| name | dqx-storage |
| description | Load and save DQX checks (quality rules) to a file, workspace path, Unity Catalog volume, Delta table, Lakebase, or the DQX installation folder. Use when the user asks to "load DQX checks from YAML", "save checks to a Delta table", "read checks from a volume", "share checks across notebooks", or "use the DQX workspace install's default checks location". Covers every *ChecksStorageConfig and the matching load/save calls.
|
DQX — Load and store quality checks
DQX persists checks as metadata (list[dict]) — that's the portable form. Use class-form (DQRowRule) in code, then convert via serialize_checks(...) from databricks.labs.dqx.checks_serializer before saving (see dqx-define-checks).
All operations go through DQEngine:
from databricks.labs.dqx.engine import DQEngine
from databricks.sdk import WorkspaceClient
dq = DQEngine(WorkspaceClient())
dq.save_checks(checks_metadata, config=...)
checks_metadata = dq.load_checks(config=...)
Pick a storage config
| Config | Location example | When to use |
|---|
FileChecksStorageConfig | "checks.yml" | Local / repo-relative path. Simplest; also resolves to workspace paths when run from a Databricks notebook or job. |
WorkspaceFileChecksStorageConfig | "/Shared/App1/checks.yml" | Absolute workspace path outside your installation. Good for team-shared rule libraries. |
VolumeFileChecksStorageConfig | "/Volumes/cat/schema/vol/checks.yml" | Unity Catalog volume — versioned, auditable, works across workspaces. |
TableChecksStorageConfig | "catalog.schema.checks" | Most scalable. Schema includes a run_config_name discriminator so multiple pipelines can share one table. |
InstallationChecksStorageConfig | run_config_name="default" | Resolves to whatever checks_location is set in the DQX workspace install's RunConfig. Use this inside workflows so a single config change re-points every pipeline. |
LakebaseChecksStorageConfig | "database.schema.checks" | Store checks in a Lakebase Postgres-compatible catalog. |
YAML / JSON file example
import yaml
from databricks.labs.dqx.config import FileChecksStorageConfig, WorkspaceFileChecksStorageConfig
checks = yaml.safe_load("""
- criticality: warn
check:
function: is_not_null_and_not_empty
arguments:
column: col3
- criticality: error
check:
function: is_not_null
for_each_column: [col1, col2]
""")
dq.save_checks(checks, config=FileChecksStorageConfig(location="checks.yml"))
dq.save_checks(checks, config=WorkspaceFileChecksStorageConfig(location="/Shared/App1/checks.yml"))
Delta table example
from databricks.labs.dqx.config import TableChecksStorageConfig
cfg = TableChecksStorageConfig(
location="catalog.schema.checks",
run_config_name="orders_pipeline",
mode="overwrite",
)
dq.save_checks(checks, config=cfg)
loaded = dq.load_checks(config=cfg)
See Table Schemas and Relationships for the table schema.
Installation-based config
When DQX is installed in a workspace (databricks labs dqx install), every RunConfig in .dqx/config.yml has a checks_location field.

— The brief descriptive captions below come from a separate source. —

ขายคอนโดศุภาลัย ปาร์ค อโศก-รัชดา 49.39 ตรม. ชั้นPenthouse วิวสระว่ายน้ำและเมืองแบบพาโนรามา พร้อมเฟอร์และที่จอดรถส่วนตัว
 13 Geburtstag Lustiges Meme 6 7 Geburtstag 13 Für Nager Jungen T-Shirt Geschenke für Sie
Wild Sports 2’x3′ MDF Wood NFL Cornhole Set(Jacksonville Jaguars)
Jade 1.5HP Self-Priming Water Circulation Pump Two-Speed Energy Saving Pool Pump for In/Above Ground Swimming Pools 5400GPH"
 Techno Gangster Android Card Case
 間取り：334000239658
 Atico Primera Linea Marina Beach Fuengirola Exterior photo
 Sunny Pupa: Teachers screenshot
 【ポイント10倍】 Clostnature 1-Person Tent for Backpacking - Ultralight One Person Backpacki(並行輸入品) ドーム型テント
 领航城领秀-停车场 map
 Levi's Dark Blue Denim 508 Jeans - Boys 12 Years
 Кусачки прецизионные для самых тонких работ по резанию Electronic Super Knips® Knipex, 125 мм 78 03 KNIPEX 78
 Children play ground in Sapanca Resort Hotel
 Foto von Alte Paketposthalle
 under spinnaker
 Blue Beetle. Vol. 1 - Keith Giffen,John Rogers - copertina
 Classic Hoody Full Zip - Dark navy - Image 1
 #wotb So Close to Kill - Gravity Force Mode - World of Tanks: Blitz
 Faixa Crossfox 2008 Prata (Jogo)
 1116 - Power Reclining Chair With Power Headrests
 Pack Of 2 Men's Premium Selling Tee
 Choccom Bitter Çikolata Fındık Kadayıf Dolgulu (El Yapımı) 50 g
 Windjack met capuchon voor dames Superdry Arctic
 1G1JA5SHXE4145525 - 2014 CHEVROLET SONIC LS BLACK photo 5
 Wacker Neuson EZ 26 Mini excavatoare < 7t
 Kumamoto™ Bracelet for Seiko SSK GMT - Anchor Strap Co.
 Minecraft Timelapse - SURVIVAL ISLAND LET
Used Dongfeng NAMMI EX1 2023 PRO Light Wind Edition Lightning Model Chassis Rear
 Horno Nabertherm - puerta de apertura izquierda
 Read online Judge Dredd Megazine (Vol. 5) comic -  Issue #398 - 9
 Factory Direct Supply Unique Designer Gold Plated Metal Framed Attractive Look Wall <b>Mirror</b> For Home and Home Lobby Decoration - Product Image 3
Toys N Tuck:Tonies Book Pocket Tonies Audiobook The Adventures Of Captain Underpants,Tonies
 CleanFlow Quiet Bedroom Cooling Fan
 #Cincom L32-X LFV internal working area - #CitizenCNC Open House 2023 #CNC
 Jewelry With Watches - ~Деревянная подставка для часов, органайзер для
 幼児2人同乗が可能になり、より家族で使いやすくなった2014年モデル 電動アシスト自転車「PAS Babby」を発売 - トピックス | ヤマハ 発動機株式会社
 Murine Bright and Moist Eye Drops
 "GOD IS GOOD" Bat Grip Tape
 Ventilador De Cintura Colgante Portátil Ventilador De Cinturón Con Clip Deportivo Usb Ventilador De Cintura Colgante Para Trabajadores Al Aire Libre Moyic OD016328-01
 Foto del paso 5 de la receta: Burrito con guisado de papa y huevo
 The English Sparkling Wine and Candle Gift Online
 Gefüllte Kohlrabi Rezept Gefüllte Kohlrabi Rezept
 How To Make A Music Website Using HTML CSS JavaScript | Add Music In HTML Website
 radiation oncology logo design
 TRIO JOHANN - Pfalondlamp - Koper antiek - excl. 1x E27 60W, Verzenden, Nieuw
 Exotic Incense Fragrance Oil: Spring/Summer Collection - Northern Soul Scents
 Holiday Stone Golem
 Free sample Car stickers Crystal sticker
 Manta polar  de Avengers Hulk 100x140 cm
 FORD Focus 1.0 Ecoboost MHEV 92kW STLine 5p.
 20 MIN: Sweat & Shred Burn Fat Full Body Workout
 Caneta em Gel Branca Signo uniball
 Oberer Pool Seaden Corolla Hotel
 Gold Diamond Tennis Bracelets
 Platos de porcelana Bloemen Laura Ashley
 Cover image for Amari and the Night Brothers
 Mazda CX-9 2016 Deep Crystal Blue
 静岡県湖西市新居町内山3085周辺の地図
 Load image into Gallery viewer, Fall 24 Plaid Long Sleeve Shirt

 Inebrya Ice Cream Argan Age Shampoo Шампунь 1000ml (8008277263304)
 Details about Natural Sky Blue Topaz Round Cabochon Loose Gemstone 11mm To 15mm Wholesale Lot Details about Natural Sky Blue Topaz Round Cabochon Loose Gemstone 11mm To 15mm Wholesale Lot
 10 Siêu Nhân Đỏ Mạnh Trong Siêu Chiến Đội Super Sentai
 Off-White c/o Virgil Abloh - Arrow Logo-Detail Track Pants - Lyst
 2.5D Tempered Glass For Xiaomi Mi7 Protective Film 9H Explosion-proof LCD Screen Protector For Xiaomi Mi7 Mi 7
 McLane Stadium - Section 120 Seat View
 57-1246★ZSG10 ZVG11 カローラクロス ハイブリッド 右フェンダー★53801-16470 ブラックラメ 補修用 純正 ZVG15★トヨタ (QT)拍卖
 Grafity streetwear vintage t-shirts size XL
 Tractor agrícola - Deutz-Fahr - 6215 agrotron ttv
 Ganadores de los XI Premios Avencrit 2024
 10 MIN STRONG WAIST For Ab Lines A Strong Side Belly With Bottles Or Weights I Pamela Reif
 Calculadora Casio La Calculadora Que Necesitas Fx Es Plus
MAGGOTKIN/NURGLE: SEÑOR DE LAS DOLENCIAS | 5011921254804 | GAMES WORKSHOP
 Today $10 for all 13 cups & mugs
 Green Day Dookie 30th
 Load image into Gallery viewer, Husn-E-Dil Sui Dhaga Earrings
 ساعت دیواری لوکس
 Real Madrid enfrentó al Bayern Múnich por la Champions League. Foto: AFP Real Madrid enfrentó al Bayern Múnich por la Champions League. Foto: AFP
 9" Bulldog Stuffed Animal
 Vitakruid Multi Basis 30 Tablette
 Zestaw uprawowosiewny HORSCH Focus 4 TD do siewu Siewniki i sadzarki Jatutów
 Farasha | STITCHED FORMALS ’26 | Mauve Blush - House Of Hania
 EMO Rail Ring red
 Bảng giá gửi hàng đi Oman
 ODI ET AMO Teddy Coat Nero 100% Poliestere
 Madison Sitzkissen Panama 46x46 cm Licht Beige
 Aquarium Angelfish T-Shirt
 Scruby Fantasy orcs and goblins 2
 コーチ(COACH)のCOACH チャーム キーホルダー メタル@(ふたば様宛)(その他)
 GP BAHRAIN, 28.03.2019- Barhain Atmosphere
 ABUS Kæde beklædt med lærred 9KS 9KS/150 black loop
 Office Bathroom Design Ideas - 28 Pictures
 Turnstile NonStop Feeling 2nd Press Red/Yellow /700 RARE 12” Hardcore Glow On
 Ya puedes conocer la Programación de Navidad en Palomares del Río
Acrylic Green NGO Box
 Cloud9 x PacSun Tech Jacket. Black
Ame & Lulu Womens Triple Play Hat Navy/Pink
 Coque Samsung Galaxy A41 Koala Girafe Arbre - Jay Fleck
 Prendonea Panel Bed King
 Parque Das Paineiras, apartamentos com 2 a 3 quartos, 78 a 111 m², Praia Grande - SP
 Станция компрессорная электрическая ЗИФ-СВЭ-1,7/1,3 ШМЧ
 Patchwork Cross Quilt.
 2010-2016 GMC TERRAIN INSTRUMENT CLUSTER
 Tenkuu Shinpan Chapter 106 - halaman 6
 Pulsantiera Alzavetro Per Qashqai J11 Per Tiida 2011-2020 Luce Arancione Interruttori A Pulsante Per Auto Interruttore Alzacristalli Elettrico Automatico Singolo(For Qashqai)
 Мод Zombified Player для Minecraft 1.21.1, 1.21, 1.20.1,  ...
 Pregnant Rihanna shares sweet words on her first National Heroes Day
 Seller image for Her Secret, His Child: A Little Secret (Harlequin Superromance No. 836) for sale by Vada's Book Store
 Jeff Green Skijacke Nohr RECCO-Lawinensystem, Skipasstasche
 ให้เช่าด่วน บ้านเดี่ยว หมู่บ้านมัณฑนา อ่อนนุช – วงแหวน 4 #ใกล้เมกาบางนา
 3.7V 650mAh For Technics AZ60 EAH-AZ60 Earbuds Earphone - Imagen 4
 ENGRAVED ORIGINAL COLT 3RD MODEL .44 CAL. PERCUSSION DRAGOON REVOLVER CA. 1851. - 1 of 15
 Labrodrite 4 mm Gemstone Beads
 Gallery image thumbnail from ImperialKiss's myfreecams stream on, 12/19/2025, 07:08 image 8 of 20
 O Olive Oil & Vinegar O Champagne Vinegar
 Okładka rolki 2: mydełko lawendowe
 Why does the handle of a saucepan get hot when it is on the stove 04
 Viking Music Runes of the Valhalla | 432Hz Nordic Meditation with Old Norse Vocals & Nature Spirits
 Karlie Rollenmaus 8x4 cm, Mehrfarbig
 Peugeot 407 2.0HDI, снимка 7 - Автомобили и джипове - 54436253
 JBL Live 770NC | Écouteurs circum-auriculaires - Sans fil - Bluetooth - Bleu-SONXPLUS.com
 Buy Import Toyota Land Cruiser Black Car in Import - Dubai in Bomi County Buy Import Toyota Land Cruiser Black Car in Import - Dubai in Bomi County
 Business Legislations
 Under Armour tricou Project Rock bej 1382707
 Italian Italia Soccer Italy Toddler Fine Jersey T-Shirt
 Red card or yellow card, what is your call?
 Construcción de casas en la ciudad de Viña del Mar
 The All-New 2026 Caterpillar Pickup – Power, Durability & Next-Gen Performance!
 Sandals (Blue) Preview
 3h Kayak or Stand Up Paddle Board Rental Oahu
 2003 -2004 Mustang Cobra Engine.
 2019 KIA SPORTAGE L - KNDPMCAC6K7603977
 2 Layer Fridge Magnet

Use InstallationChecksStorageConfig so notebooks, workflows, and ad-hoc code all resolve to the same place:
from databricks.labs.dqx.config import InstallationChecksStorageConfig
cfg = InstallationChecksStorageConfig(run_config_name="default")
checks = dq.load_checks(config=cfg)
CLI equivalents
databricks labs dqx open-remote-config
databricks labs dqx profile --run-config default --patterns "main.product001.*"
Do / Don't
- Do keep one authoritative store per pipeline — a Delta table or a volume YAML — and point every apply call at it. Don't scatter checks across notebooks.
- Do use
InstallationChecksStorageConfig from workflows; it makes the pipeline portable across workspaces.
- Do version rule changes — if you're on Delta,
TIME TRAVEL gives you that for free; if you're on YAML in a repo, use git.
- Don't try to save class-form checks (
DQRowRule) directly — call serialize_checks(...) from databricks.labs.dqx.checks_serializer first.
- Don't use
FileChecksStorageConfig with a relative path inside a Databricks job cluster unless you understand where that resolves — prefer WorkspaceFileChecksStorageConfig or a volume.
Canonical docs: https://databrickslabs.github.io/dqx/docs/guide/quality_checks_storage.